═════ Data

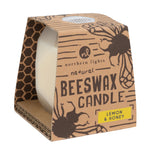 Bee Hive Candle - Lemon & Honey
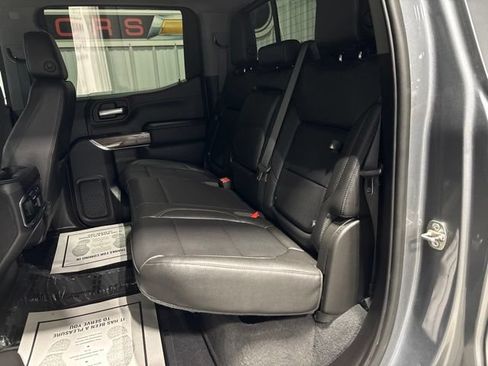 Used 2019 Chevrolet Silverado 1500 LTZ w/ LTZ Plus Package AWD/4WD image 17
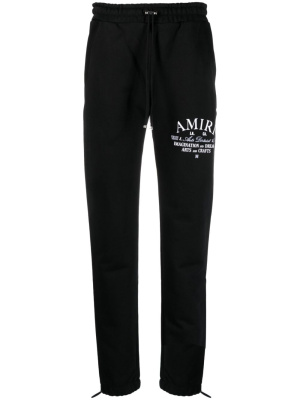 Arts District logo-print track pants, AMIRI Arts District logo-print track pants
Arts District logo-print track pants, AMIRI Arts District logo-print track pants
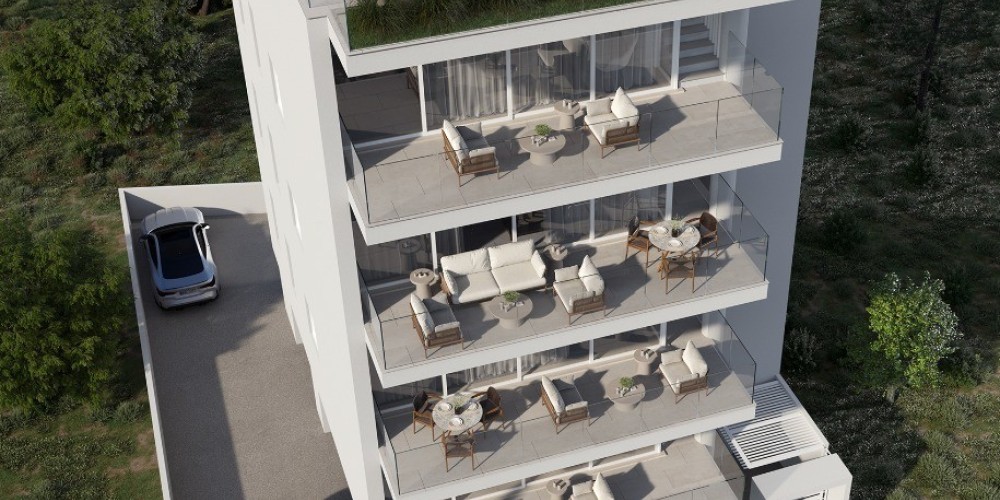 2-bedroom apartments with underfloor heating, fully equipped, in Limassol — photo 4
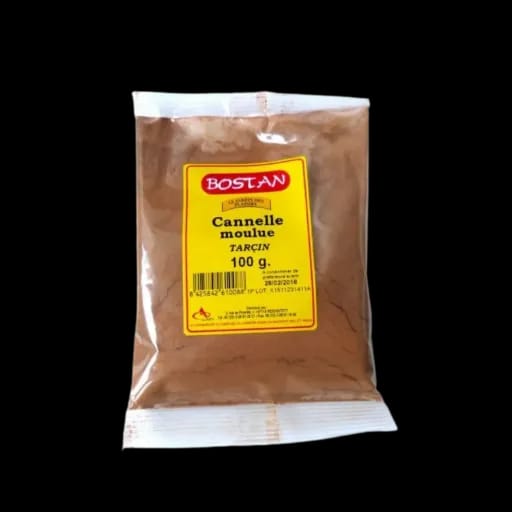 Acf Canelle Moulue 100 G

══════════

● **Required action**
When you copy the data above, keep each line exact and omit the pictures.

● **Solution for this exercise**
 Bee Hive Candle - Lemon & Honey
 Used 2019 Chevrolet Silverado 1500 LTZ w/ LTZ Plus Package AWD/4WD image 17
 Arts District logo-print track pants, AMIRI Arts District logo-print track pants
Arts District logo-print track pants, AMIRI Arts District logo-print track pants
 2-bedroom apartments with underfloor heating, fully equipped, in Limassol — photo 4
 Acf Canelle Moulue 100 G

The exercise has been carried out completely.